The day before his death, Epstein was placed in a high-security unit after a previous suicide attempt. Standard protocols — including regular inmate welfare checks and functioning surveillance cameras — were not consistently followed, contributing to long-standing criticism of the facility’s handling of his incarceration.
Newly disclosed DOJ records also reference surveillance footage showing an unidentified orange-coloured figure ascending a staircase toward Epstein’s housing tier late on August 9, hours before he was found dead, though investigators have not definitively linked this to his final moments.
While some officials suggest the pre-dated draft may have resulted from clerical error or the use of a previously created template, others note that its existence fuels lingering doubts about transparency and accountability in one of the most high-profile federal custody deaths in recent history.

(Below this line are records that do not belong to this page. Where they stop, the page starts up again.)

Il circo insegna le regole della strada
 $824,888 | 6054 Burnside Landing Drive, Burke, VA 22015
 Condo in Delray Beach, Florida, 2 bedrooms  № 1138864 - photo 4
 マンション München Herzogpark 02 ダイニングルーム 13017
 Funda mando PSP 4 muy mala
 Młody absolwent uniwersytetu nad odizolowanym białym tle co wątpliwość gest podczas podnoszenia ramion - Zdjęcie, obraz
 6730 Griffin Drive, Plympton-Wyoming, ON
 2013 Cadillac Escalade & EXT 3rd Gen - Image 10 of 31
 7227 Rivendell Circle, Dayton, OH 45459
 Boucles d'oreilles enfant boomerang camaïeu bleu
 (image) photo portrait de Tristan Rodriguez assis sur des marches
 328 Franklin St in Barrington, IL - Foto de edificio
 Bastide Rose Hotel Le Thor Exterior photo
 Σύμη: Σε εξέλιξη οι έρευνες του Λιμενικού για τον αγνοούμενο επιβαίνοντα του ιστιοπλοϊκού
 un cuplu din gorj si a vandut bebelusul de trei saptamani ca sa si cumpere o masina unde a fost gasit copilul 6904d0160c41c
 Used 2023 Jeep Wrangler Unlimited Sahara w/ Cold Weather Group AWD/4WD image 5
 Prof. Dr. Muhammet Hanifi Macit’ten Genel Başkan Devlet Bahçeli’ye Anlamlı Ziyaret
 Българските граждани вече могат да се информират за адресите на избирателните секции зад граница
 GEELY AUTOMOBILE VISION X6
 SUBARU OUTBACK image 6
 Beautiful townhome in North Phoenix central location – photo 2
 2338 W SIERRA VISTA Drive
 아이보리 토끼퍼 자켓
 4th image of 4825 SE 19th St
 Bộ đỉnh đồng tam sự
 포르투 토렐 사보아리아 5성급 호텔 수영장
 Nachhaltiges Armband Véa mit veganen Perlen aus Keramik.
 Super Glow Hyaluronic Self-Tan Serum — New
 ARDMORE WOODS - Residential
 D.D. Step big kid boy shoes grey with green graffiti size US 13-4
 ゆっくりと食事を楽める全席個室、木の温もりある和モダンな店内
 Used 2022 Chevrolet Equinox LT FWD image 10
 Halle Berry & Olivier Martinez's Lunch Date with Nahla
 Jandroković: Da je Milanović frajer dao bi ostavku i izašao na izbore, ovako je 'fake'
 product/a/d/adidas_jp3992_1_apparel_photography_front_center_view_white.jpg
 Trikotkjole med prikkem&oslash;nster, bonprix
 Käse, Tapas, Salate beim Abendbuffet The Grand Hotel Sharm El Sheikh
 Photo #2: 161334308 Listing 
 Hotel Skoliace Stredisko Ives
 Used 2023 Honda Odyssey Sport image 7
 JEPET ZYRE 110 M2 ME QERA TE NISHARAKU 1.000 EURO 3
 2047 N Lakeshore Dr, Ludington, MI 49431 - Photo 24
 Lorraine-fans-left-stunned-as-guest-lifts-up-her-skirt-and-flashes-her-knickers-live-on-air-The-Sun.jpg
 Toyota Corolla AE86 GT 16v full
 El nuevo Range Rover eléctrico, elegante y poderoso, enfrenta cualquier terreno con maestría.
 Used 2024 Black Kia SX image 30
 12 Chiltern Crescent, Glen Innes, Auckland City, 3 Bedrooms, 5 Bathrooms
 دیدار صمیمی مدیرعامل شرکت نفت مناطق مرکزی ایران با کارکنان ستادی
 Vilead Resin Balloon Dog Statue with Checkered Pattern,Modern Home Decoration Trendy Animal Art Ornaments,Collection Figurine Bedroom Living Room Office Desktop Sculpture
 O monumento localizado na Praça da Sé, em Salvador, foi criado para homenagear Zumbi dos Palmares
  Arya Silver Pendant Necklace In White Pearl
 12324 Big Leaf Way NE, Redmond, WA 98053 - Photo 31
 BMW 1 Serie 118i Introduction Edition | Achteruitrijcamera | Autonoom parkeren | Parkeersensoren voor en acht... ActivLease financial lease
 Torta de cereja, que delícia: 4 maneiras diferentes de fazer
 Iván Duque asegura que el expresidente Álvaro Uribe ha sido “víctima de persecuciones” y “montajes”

Documents released under the Epstein Files Transparency Act, the law requiring expanded public access to investigative records, have included millions of pages of material — including witness testimony, legal filings, memos, and communications — but this discrepancy highlights the challenges in reconciling conflicting timelines within them.
Epstein’s death abruptly ended federal sex-trafficking charges against him and has since been the subject of widespread speculation, conspiracy theories, and official investigations into security lapses at the MCC. The newly uncovered draft adds another layer to the debate, prompting both legal experts and members of the public to call for further clarification from the Justice Department and prison authorities about the sequence of events leading up to Epstein’s death.